------ DATASET SECTION

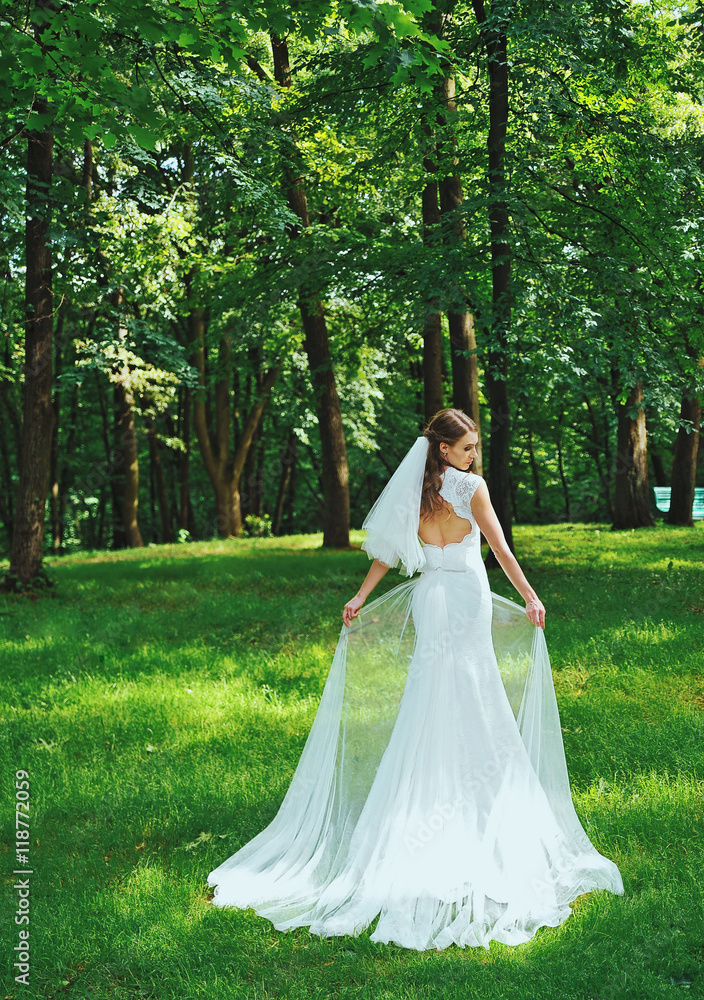 A beautiful bride posing outdoor 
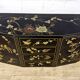 Vintage Chinese sideboard / lacquer cabinet (black / birds) Bohemian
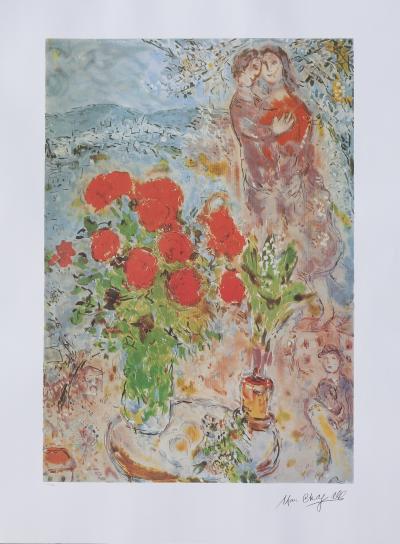 Marc CHAGALL : Le bouquet rouge, Lithographie signée, 1989, 500ex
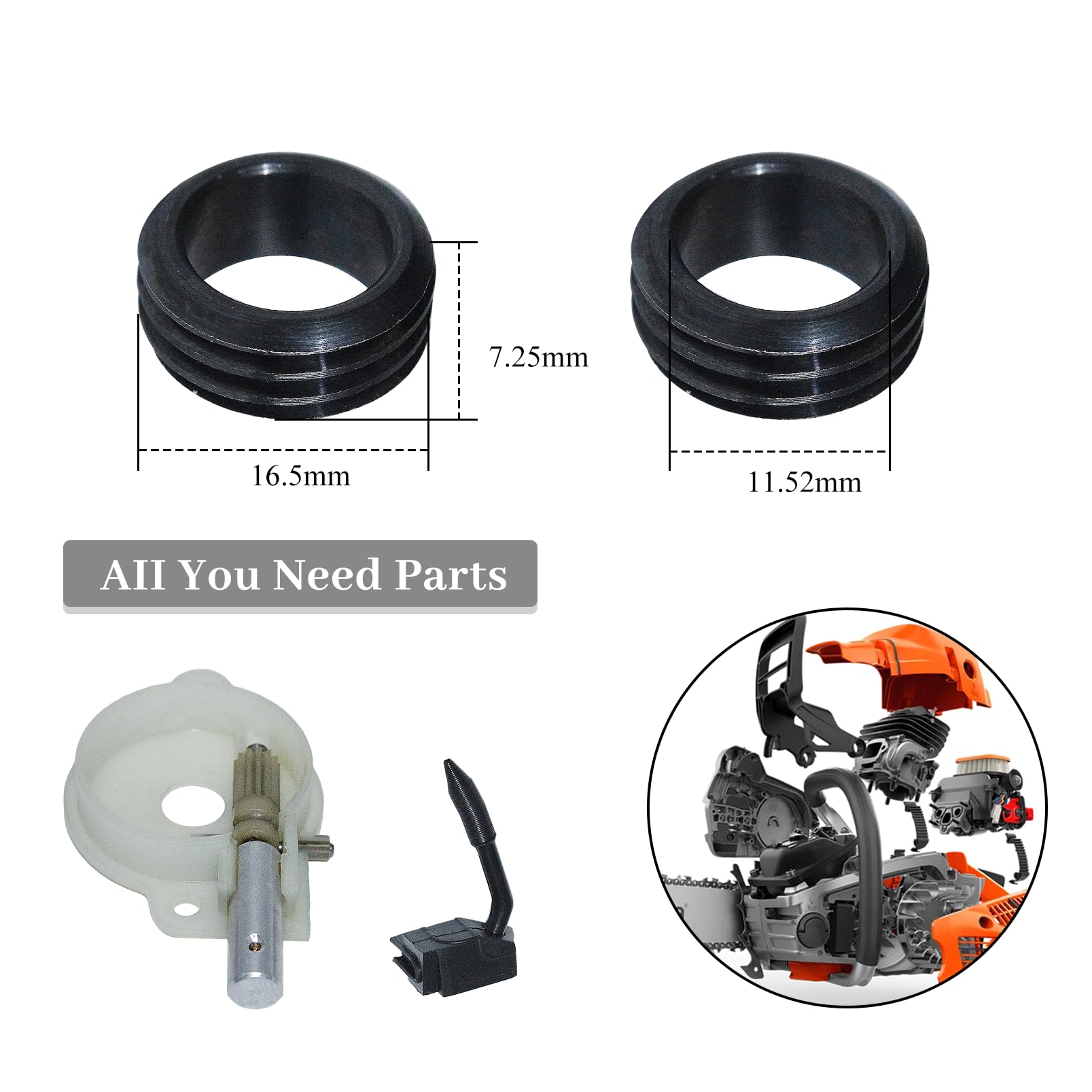 Haishine Oil Pump Assy w/Worm Gear Kit for Husqvarna 136 137 141 142 36 41 Jonsered 2036 2040 CS2040 Chainsaw #5450368-01 - Image 2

------------

Please return the listing above exactly and leave every picture out.

 A beautiful bride posing outdoor 
 Vintage Chinese sideboard / lacquer cabinet (black / birds) Bohemian
 Marc CHAGALL : Le bouquet rouge, Lithographie signée, 1989, 500ex
 Haishine Oil Pump Assy w/Worm Gear Kit for Husqvarna 136 137 141 142 36 41 Jonsered 2036 2040 CS2040 Chainsaw #5450368-01 - Image 2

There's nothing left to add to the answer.